Diffusion Models
Many recent papers and blogs [1-4] have provided a good overview of diffusion models. In this note, I will summarize some high-level understandings towards the diffusion models and write down some key steps in the derivations.
Summary
- DDPM is parameterized as a Markov chain which means that the latent variables depend only on the previous (or following) timestep. However, DDIM shows that it is indeed not necessary.
- The forward prcess of DDPM is a chain of additive Gaussian noise channels and the variance of the noises are pre-defined, i.e., $p_{X_t|X_{t-1}}$ is known. Our goal is to learn the reverse process parameters $q_{\phi}(X_{t-1}|X_{t})$ or $q_{\phi}(X_{t-1}|X_{t},X_0)$ by matching $p_{X_t|X_{t-1}}$.
- With sufficiently large $T$, $p_{X_T}$ is asymptotically distributed as an isotropic Gaussian.

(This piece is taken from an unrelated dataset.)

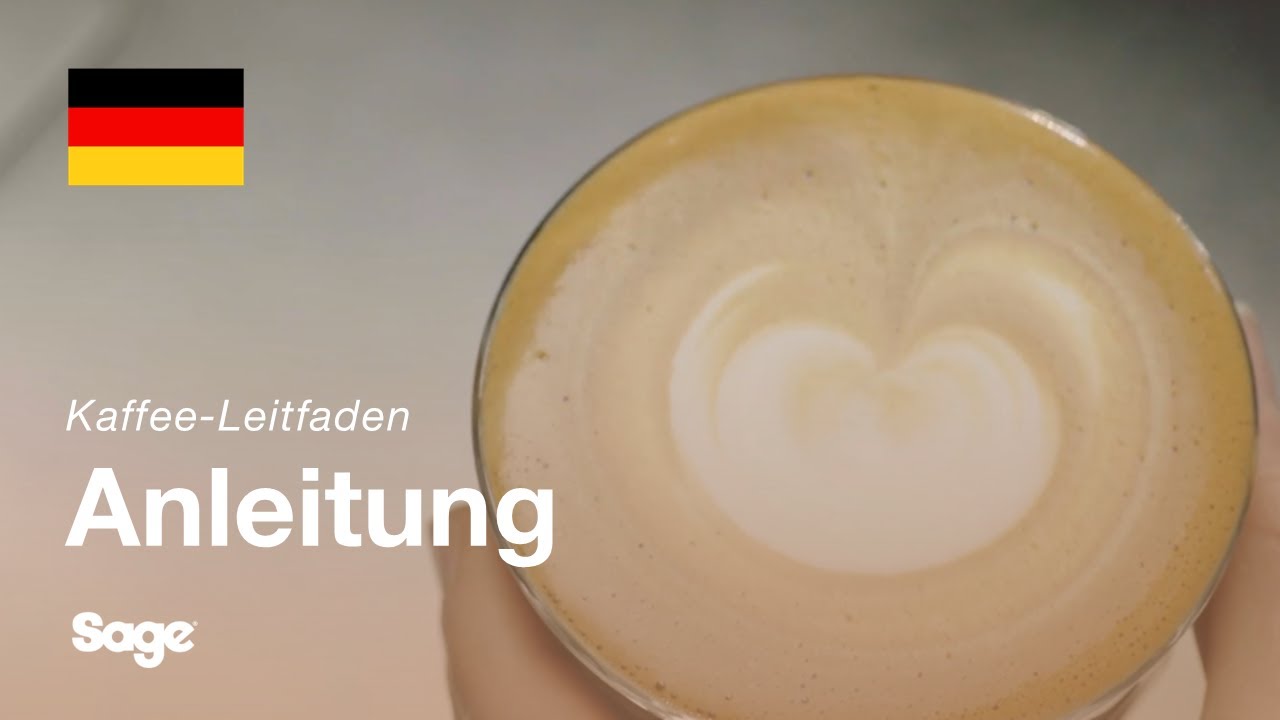 Wie man Latte Art macht: der Punkt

- Diffusion models can be viewed as hierarchical VAEs, where each layer in the encoder is a Gaussian noise channel.
- Score-based diffusion models is a general form of discrete timestep diffusion models.

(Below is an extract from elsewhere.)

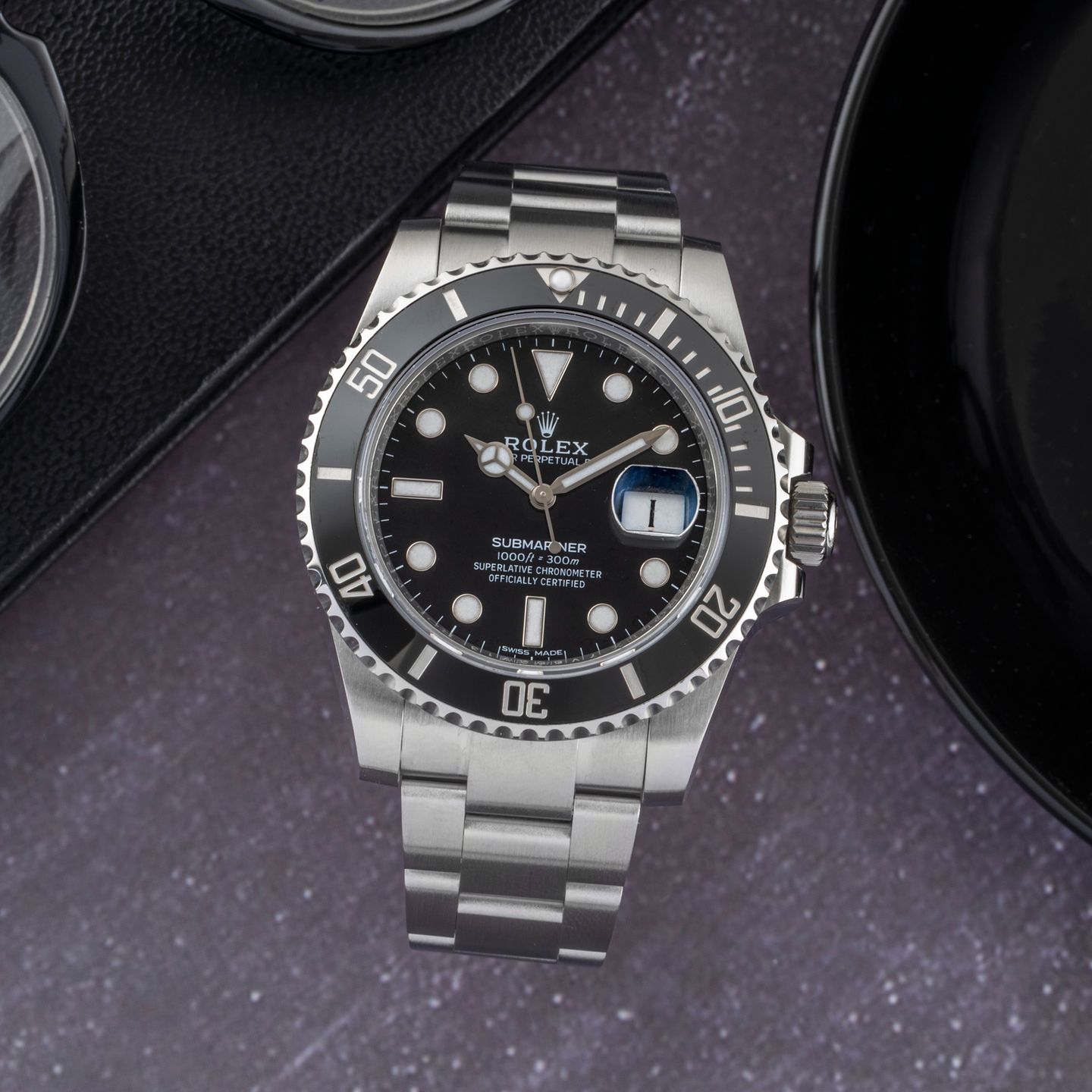 Rolex Submariner Date 116610LN - (1/8)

- The training objective of diffusion models can be characterized to the variational lower bound of negative log-likelihood of the data, and each term in the training objective can be cast as KL divergence, which is easily computed since the distributions are Gaussian.
Road Map
Variational Diffusion Model (VDM) can be viewed as a Markovian Hierarchical Variational Autoencoder with teh following restrictions [5]:
- The latent dimension is same as the data dimension;
- The encoding process is a chain of additive Gaussian noise channels without any learnable parameters;
- The distribution of the last latent variable is an isotropic Gaussian.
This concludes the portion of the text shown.